I use this technique because of dd's spirited personality. She is soooo much like me. I remember being carried away by strong emotion as a child, and I was never taught how to cope with them. Plus, dd is a wee bit on the demanding side and I think I'd lose my mind if I didn't draw this boundary for myself.

For ordinary whining, I ask her to if she can "say in a nicer way" and she usually says "Please." That's enough for me.
post #24 of 32
ITA with most previous posters, but I thought I'd add that if I am feeling a negative emotion (like the whining is making my hair stand on end too ) then I will express that to her honestly and calmly.... "I will need to be asked in a different way for X." usually now she gets it even before I'm finished speaking and tones it down. But she's edging up on four so there's light at the end of the 3 yo tunnel for us finally.
post #25 of 32
We have a No Whining policy firmly in place. For everyone. My nearly 9 y.o is starting that adolescent attitude deal and its a struggle not to lose my mind with him. When either of them start in I tell them, "When you are done whining and can ask me politely..." I do, however, acknowledge when they are overtired, hungry, etc. I don't expect perfection, but manners are important to me. I'll tell my son, "I don't speak to you like that. Can you show me the respect and decency I show you?"
post #26 of 32
i dont know really.

just try to set good examples
be consistant
keep them away from a lot of "kid" television shows...those characters are usaully whiney (Calliou comes to mind).

i try to correct him sometimes/most of the time, but ..it would be difficult to always be doing so.
post #27 of 32
keep them away from a lot of "kid" television shows...those characters are usaully whiney (Calliou comes to mind).
very good point. we just started letting dd watch a little tv (clifford) and although i generally feel ok about it i have noticed at least one of the characters is very whiny/bratty.

oh and lovebeads thanks for the "stop and rewind" suggestion. my dd loves it. we almost always end up laughing which is such a nice release.
post #28 of 32
Originally Posted by sleepies
keep them away from a lot of "kid" television shows...those characters are usaully whiney (Calliou comes to mind).
Oh GAH, I can't stand the way he talks. Henry was allowed to watch him for a while (he gets one thirty-minute PBS show a day) and I noticed a MARKED change in his communication. I started watching more closely, and noticed all kinds of things that bugged me - not just the whining, but lots of behaviors that I don't want to foster with Henry. That was the end of Calliou, and a good lesson for me.
post #29 of 32
Very consistent guidance~if he was in an overly tired state of chronic whining and complaining, I would remedy the situation rather than spend 2 hours correcting him "You seem too tired to speak nicely. You can either rest in your room or on the sofa. Which would you prefer?".

This is what we do. Instead of Do you want to lay down? It's would you like to lay on the couch or in your bed.
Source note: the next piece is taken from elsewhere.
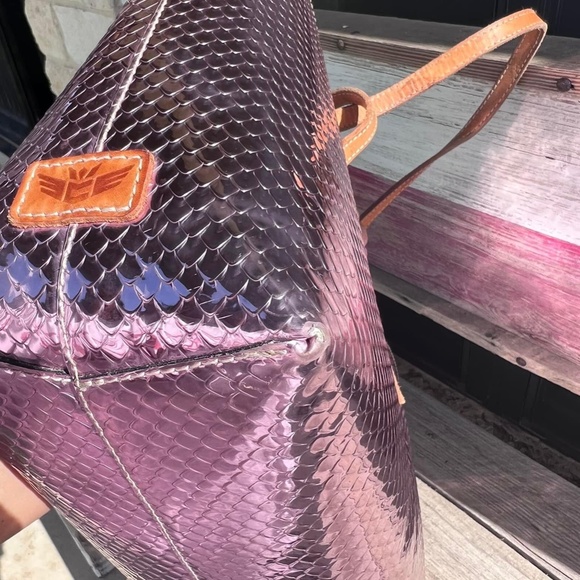 Consuela Elle Breezy Tote & Cosmetic Bag - Picture 2 of 7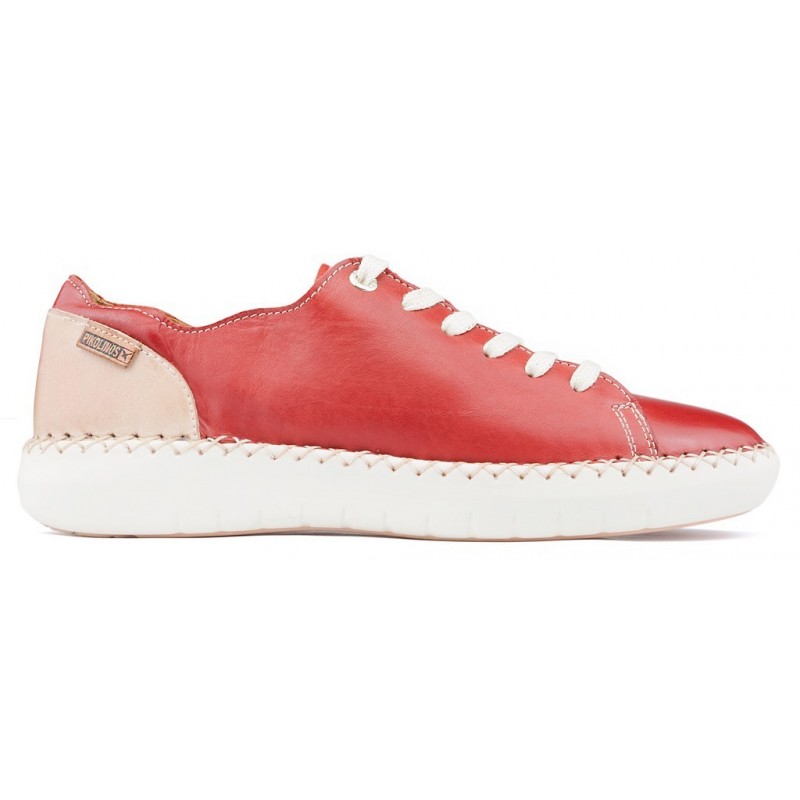 ZAPATOS PIKOLINOS MESINA W0Y  CORAL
Or would you like to lay on Mommy and Daddy's bed or your bed. I ONLY ever offer two choices because when they're tired too many options can escalate a situation.
post #30 of 32
Originally Posted by happeeevraftr
So, how often do you correct/remind/ask to speak nicer?
For me it depends on how whiny he's being, how tired he is, or if he's generally in a bad mood. I typically say to him to "use words that are not whiny words." Or "try it again without whining". He'll ask why and I say "because it's annoying to listen to." And then I model his own behavior and ask him if he wants me to talk to him that way and he always says no. Is that the right way? I don't know. I'm at a loss because some days my head feels like it'll explode if he whines again...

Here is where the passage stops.